Science

The Question Isn't #DoestItFart but #WhyDoesItFart

Giphy

Beans, beans may be the magical fruit — but according to scientists, more than humans go toot. In the latest example of crowdsourced science, researchers are answering the question of #doesitfart on Twitter, satisfying the intellectual curiosity of anyone who’s ever wondered if millipedes pass gas (they do).

If scrolling through Twitter looking for answers to your existential fart questions isn’t your hobby of choice, you can also check out this Google Spreadsheet, which as of Wednesday categorizes the farting habits of 60 animals. The hashtag was created by Dani Rabaiotti, a Ph.D. student affiliated with the Zoological Society of London, and the spreadsheet was kicked off by Nick Caruso, a salamander researcher at the University of Alabama.

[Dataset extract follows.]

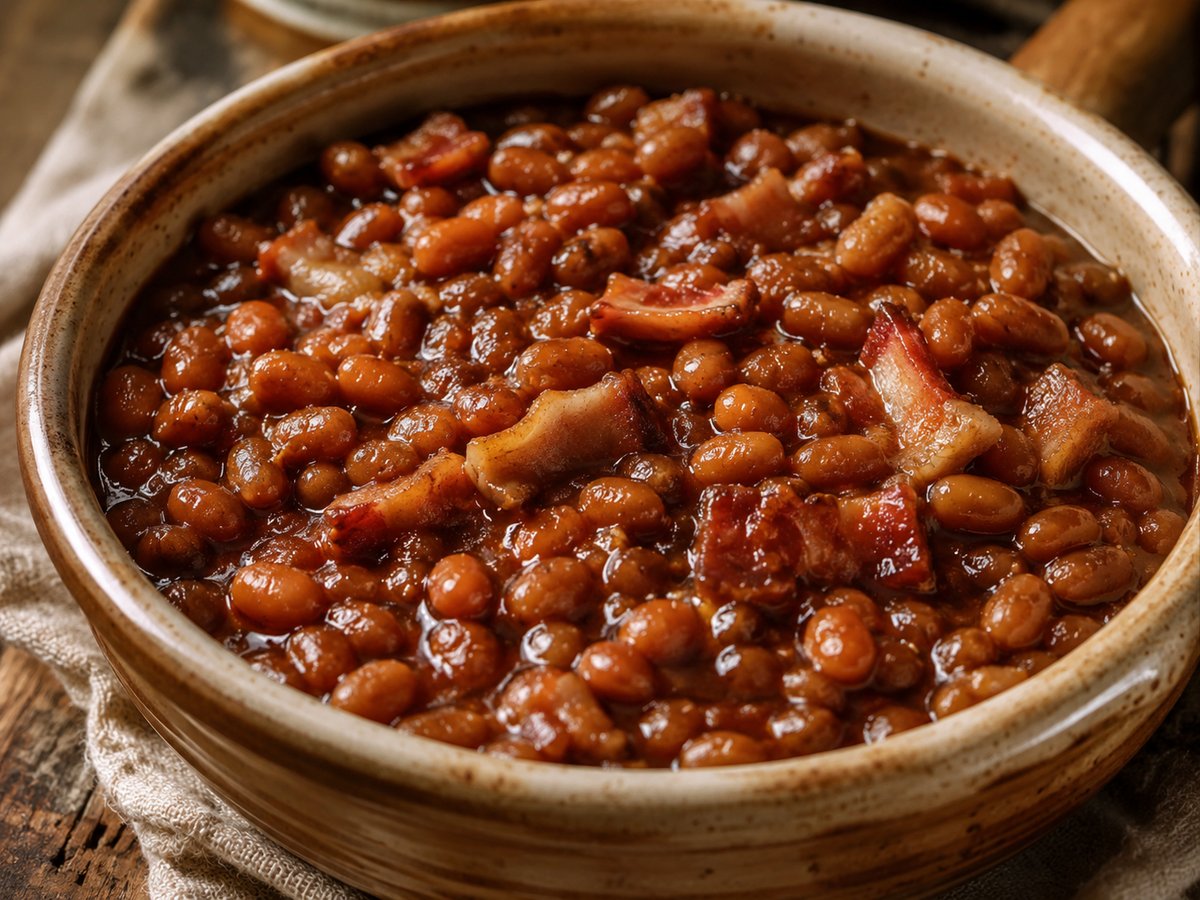 Boston Baked Beans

While it’s certainly fun to learn that birds don’t fart and snakes do, scientists also see the hashtag as a way to get more people into science.

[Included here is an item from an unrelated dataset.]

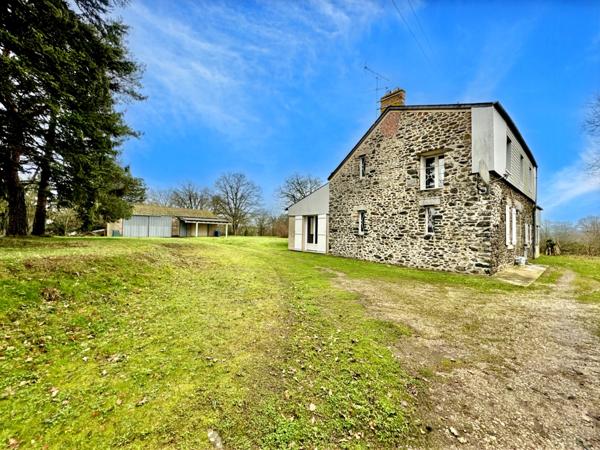 Maison 4 chambres sur terrain de 960m²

“I don’t know if animal flatulence questions can serve as a significant gateway to a greater appreciation of biodiversity, but it is always fun to see what captures people’s attention,” David Steen, a snake expert who answered the first #DoesItFar question, tells The Washington Post. “It is at least an opportunity to engage with a larger audience and bring new folks into the conversation.”

So why do some animals fart? Animals that fart do so because of the way that food is broken down in their bodies — their guts contain gas-forming bacteria that helps the breakdown of food. Birds, per Popular Science, have the “anatomical and physical ability to pass gas” but their gastrointestinal track lacks this bacteria.

And an animal that farts is a healthy animal (despite what unhealthy things the methane in farts does to the environment). Researchers believe that food bringing nutrients to the gut, and strong gut flora is what allows us to be physically and psychologically healthy.

But for some animals, farting does a lot more than keep the body well. Herring, for example, release little farts at night that allow the schools of fish to communicate to each other. Meanwhile, the beaded lacewing, a winged insect, farts on termites when it is an infant in order to paralyze and eat them.